# Amano shrimp sucked into the prefilter, how to prevent?



## Greeny (14 Mar 2022)

Hi guys,

Yesterday, I bought a couple of Amano shrimp to make sure they will be ok before buying some more at a later date and all seemed well. That night I was getting a little worried because they were swimming restlessly up and down around and around etc but I just read they get like that when they get excited about breeding etc. So apprehensively I went to bed. I looked for them in the morning, couldn't find them but had to go to work. I came back this evening and still couldn't find them so lifted rocks, checked behind plants, etc, and nothing.  Time to check the filter, so I pulled it apart, nothing on the filter, I poured the water that was in the canister housing from the pre-filter into a bucket, and low and behold, there they were there alive and kicking. They're back in now and seem fine and active, I had to apologize to them (even though they don't understand me) for pouring the water out quite brashly as I wasn't expecting them to be there. Thankfully, they seem unharmed coming out of their ordeal.

Anyway, I have an evolution aqua surface skimmer and was wondering how other people prevent shrimp from accidentally getting sucked into the filter. I do have another bottom that I could put in the top, I'm assuming that's where they must have got sucked up into.


----------



## palcente (15 Mar 2022)

If they are stressed or don't like the water they will climb on anything and so will probably get sucked into the filter through the skimmer. You could lift the skimmer for couple of days.

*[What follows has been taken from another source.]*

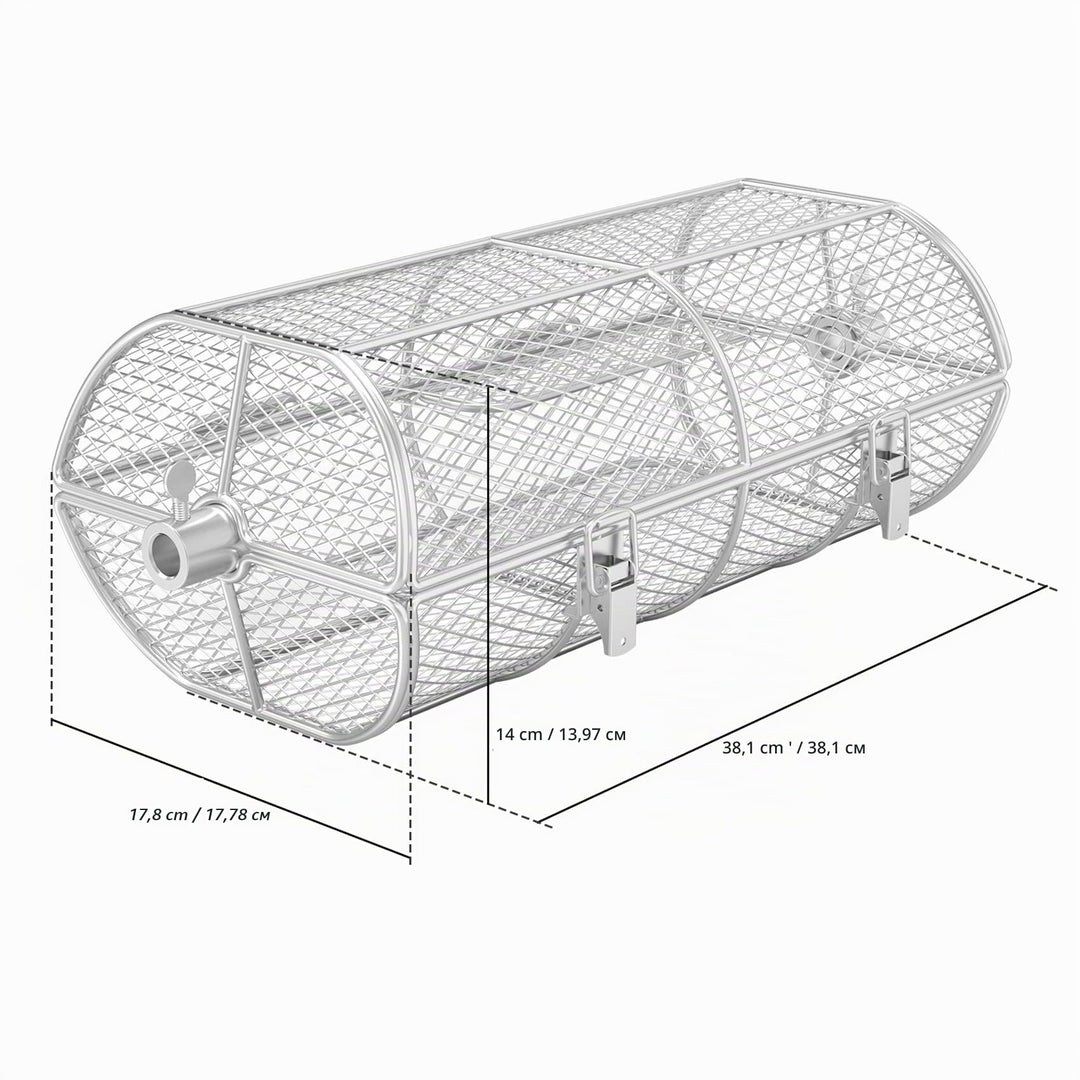 Grillkorb Drehspieß Edelstahl universal für Rotisserie-Grill - Bild 2
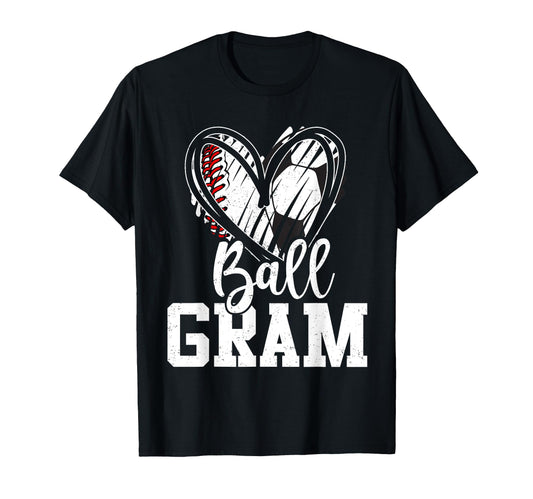 Ball Grandma Heart Baseball Soccer T-Shirt - Minimalist Print for Adults - T-Shirt, Sweatshirt, Hoodie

I tend to wrap the edges of the tank with cling film for first couple of nights.


----------



## GHNelson (15 Mar 2022)

You could try cutting a very coarse sponge to fit inside the skimmer's head!


----------



## Greeny (15 Mar 2022)

Thanks to you both for your suggestions. Interesting to see what ideas came out of this. Luckily, I had a spare bottom part of the skimmer due to breaking an old one and have put that in the top. This has worked a treat. Also, they seem to have settled down now and look like they are getting back to a normal routine. I look forward to getting some more now I know there are no big issues with water parameters. I'll be sure to use the cling film method too just in case as I'll probably get the same acclimatisation issue with the new ones too.


----------



## Ajm200 (18 Mar 2022)

Cable tie a sponge or media net over intakes so tiny tank inhabitants are safe.


----------